Sunday, January 12, 2014

Mampir-mampir Pegima'ksudnye, Kak?


Urusan ini masih terus saja menghantuiku. Pendek kata, aku tidak suka bepergian, jadi tentu saja aku tidak suka mampir-mampir. Tiga ratus lima puluh ribu Rupiah dan sudah itu saja. Apa kalau aku sendiri duduk di belakang roda kemudi menjadi lebih nyaman? Aku meragukannya. Nyaman, bagiku, adalah ketika duduk di belakang netbuk, dulu laptop, dulunya lagi mesin tik ijo kecil. Setelah semalam aku mapak-mapak'ke ati agar mentala pergi sejauh itu, [hahaha dasar tukang nduwel, pas! Tibang ke Serpong aja jauh] maka madep manteplah hatiku menelpon Taxiku, memesan taksi untuk besok pagi jam sepuluh, tujuan: Alam Sutera, Serpong. Malam itu aku agak sulit tidur karena maghribnya sempat tidur agak sejam, gara-gara udara hujan yang nyaman-nyaman nikmat. Maka bangun pun aku kesiangan, jam sembilan. Anak-anak belum lagi mandi, apalagi aku. Ketika taksi datang, aku masih berbalut handuk dan memegang pisau cukur. Ketika itu Faw sudah siap duluan maka ia memutuskan untuk menunggu di taksi. Terlambat sampai agak setengah jam barulah kami semua berangkat, setelah Cantik, seperti biasa, ketinggalan henpon dan harus berlari-lari kembali ke rumah. Tidak lama setelah bertolak, baru sampai Pancasila seingatku, hujan tercurah sederas-derasnya sampai-sampai jarak pandang sangat pendek, kira sepuluh meter saja; dan keadaan ini berlangsung sepanjang jalan sampai keluar tol di Pondok Ranji.

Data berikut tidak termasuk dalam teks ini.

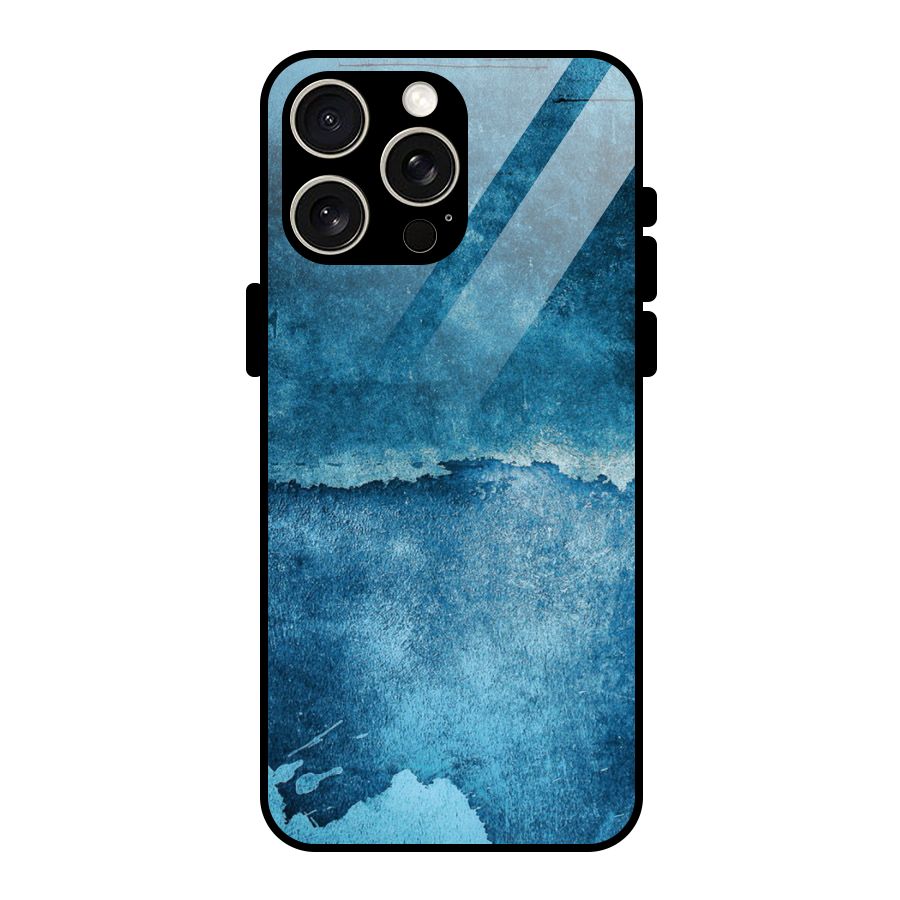 Blue Paint Wall Glass Back Case for iPhone 15 Pro Max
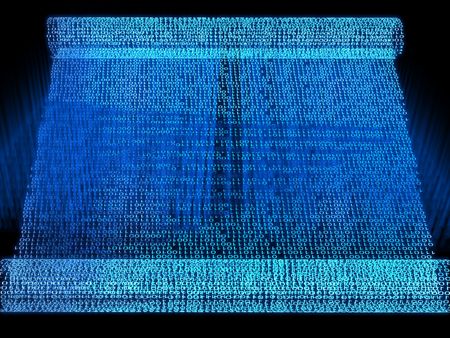 Dark Blue Futuristic Scroll on black backgroundの写真素材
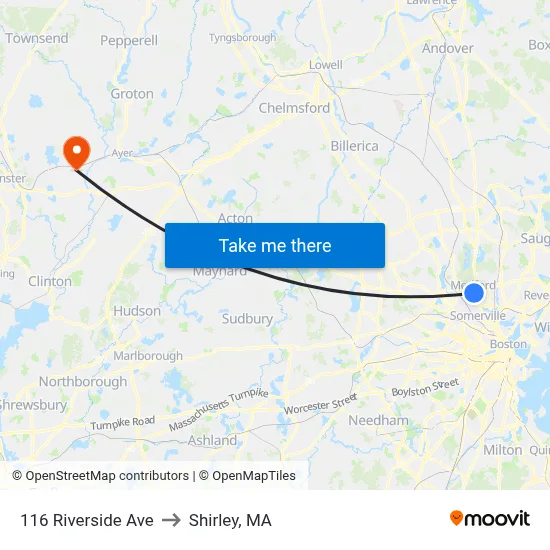 116 Riverside Ave to Shirley, MA map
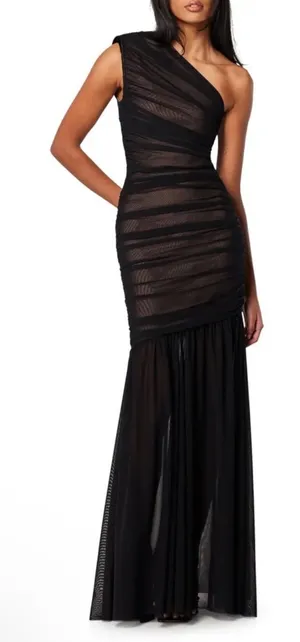 Elliatt Vienna Ruched One-Shoulder Gown M thumbnail 1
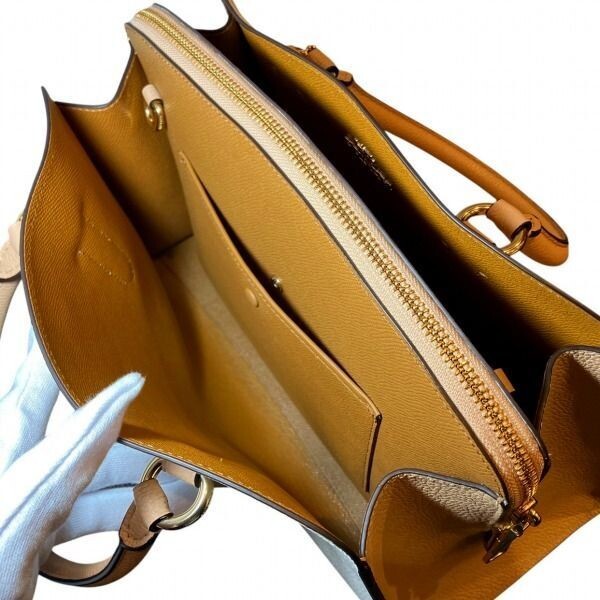 Coach Channing Carryall 76089 2Way Leather White Beige Bag Auth From Japan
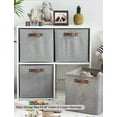 thumbnail image 6 of 13x13 Inches Storage Cube, Fabric Storage Bins with PU Handles, Collapsible Organizer Baskets for Closet, Gray, 4-Pack, 6 of 15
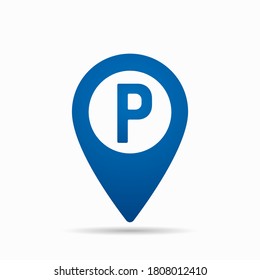 Map pointer with car parking icon. Vector illustration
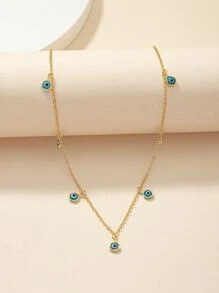 Evil Eye Charm Necklace - Yellow Gold - View 4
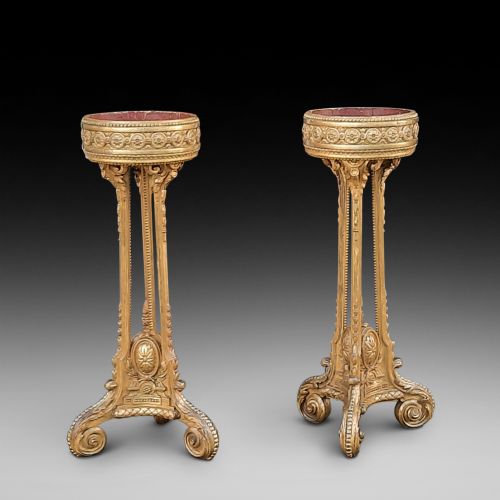 Pair of Early 19thc Giltwood and Gesso Jardinieres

Sekeluarnya di Pondok Ranji, Cantik dan anak-anaknya bernostalgilak sepanjang jalan kenangan, menyusuri dalem-dalemnya sektor sembilan kesonoan lagi--sampai supir taksinya keder, katanya; maklum, orang Citayam--sampai Graha Bintaro, Pondok Jagung dan tiba-tiba nongol di Alam Sutera. Sesampainya di Sutera Delima 2 No. 11A, ternyata sudah ada Mama, Tante Lien dan... Bou Butet, akhirnya ketemu juga; meski, sepertinya, aku tidak seberapa menimbulkan kesan pada beliau. Oh ya, sampai lupa, segala komosyen ini adalah gara-gara Ariaghali Ahmad Nasution berulang tahun. Daripada bengong bin cengok, maka tawaran Mbak Erni untuk makan dulu tak kusia-siakan. Mbak Erni menawarkan tongseng kambing, maka adalah bahan pembicaraan karena aku tidak makan kambing [kenapa harus mengenai aku? kalau tidak, mengenai apa? Masa dandanannya Mbak Erni?] Namun ya hanya begitu saja karena memang tidak menarik, maka aku makan nasi dan sate ayam dan teri kacang buatan Mama. Beberapa cangkir teh dan air putih sampai beser, daripada salah tingkah; dan tentu saja, alasan paling jos: Shalat hehehe. Tak lama kontingen Kemang Swatama pun datang. Bersama Bang Iwan Kiting ini lah aku agak banyak omong, dan, seperti biasa, aku menguasai pembicaraan. [padahal hanya mahasiswa-mahasiswaku malang yang membiarkanku menguasai pembicaraan, itu pun lebih karena terpaksa daripada rela] Selebihnya ya pempek, lalu lontong dengan kuah tongseng dan sate ayam lagi.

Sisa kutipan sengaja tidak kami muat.